# Deeply Embedded DSLs in Python

Taking language from ["Deep and Shallow Embeddings"](https://www.cs.ox.ac.uk/people/jeremy.gibbons/publications/embedding-short.pdf) by Jeremy Gibbons, domain specific languages thare are embedded in a host language, come in two flavors: shallow and deep embedding.


## Shallow

In [22]:
import dataclasses
import typing

@dataclasses.dataclass
class NaturalShallow:
    value: int

    def __add__(self, other: "NaturalShallow") -> "NaturalShallow":
        return NaturalShallow(self.value + other.value)


In [53]:
NaturalShallow(3) + NaturalShallow(4) + NaturalShallow(2)

NaturalShallow(value=9)

## Deep

In [50]:
import dataclasses
import typing



@dataclasses.dataclass
class NaturalAdd:
    left: "NaturalDeep"
    right: "NaturalDeep"

    def execute(self) -> int:
        return self.left.execute() + self.right.execute()

    
@dataclasses.dataclass
class NaturalDeep:
    value: typing.Union[int, NaturalAdd]

    def __add__(self, other: "NaturalDeep") -> "NaturalAdd":
        return NaturalDeep(NaturalAdd(self, other))
    
    def execute(self) -> int:
        if isinstance(self.value, int):
            return self.value
        return self.value.execute()


In [51]:
NaturalDeep(3) + NaturalDeep(4) + NaturalDeep(1)

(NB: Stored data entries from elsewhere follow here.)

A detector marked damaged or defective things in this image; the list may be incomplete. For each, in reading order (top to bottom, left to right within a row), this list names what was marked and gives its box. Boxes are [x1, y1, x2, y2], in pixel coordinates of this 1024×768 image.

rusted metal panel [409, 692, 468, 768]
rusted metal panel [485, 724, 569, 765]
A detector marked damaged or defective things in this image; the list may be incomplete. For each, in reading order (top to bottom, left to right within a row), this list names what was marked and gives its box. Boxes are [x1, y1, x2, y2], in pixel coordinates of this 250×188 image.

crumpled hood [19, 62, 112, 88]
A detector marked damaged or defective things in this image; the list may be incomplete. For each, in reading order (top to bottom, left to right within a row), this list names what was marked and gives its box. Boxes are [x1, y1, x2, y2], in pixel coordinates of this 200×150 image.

NaturalDeep(value=NaturalAdd(left=NaturalDeep(value=NaturalAdd(left=NaturalDeep(value=3), right=NaturalDeep(value=4))), right=NaturalDeep(value=1)))

In [52]:
(NaturalDeep(3) + NaturalDeep(4) + NaturalDeep(1)).execute()

8

We see that the shallow embedding does the execution when the function is called. This is like most APis in built into Python, including NumPy's. It is nice and simple to understand.

But what do we get by having a deep embedding? Well one thing we get is the ability to define different interpretions of some execution. Here we have `execute` defined, but we also get (for free) a string representation of the execution. So already this can be useful when understanding what the API will do.

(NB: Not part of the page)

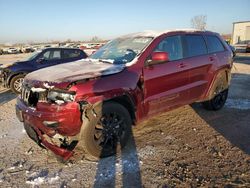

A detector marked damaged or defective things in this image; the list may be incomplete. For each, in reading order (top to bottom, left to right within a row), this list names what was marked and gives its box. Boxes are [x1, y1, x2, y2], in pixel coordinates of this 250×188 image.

front end damage [16, 84, 87, 161]
crumpled hood [25, 58, 125, 82]
damaged red suv [16, 29, 233, 160]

But the real power we get here is that we turn the problem from "What do I do when I call this function?" to "I have this data structure representing some call. Now what can I do with it?" So we can see how we get the same sort of power Lisp users talk about, and we can easily add macro-like behavior without any changes to the language.

For example, we could now go into the execution data structures and move things around as we wish, with all the power of Python itself.

A library like multipledispatch could be useful in creating a shallowly embedded DSL, but it won't get you all the way to a deeply embedded DSL, because it still ties the executiong of a function to it's call. **The whole point of a deeply embedded DSL is to break up those two steps, where the user says "I want to call this function with these arguments" and the actual execution of that function with those arguments.** By putting some abstraction between those steps, we can do a lot of interesting things, like optimize the expression, translate it to some other computation backend, or try to prove properties about it.

## What we need

Libraries like `ibis` or `dask.array` are using this strategy effectively today to take one API (Pandas, NumPy) and map it into a different execution context (SQL, computation graph). 

On the other end, efforts like NumPy's API exposure is about enabling more libraries like this to exist, by allowing libraries to override how NumPy methods are called.

What is missing? Well it's hard for these packages to work with each other. They exist in seperate worlds and can't share code. Numba, for example, has some useful code on optimizing certain NumPy calls. There is no reason those couldn't be reused when you create NumPy expression in `dask.array`. Why aren't they shared? Well they each use different representations of what a NumPy expression is. 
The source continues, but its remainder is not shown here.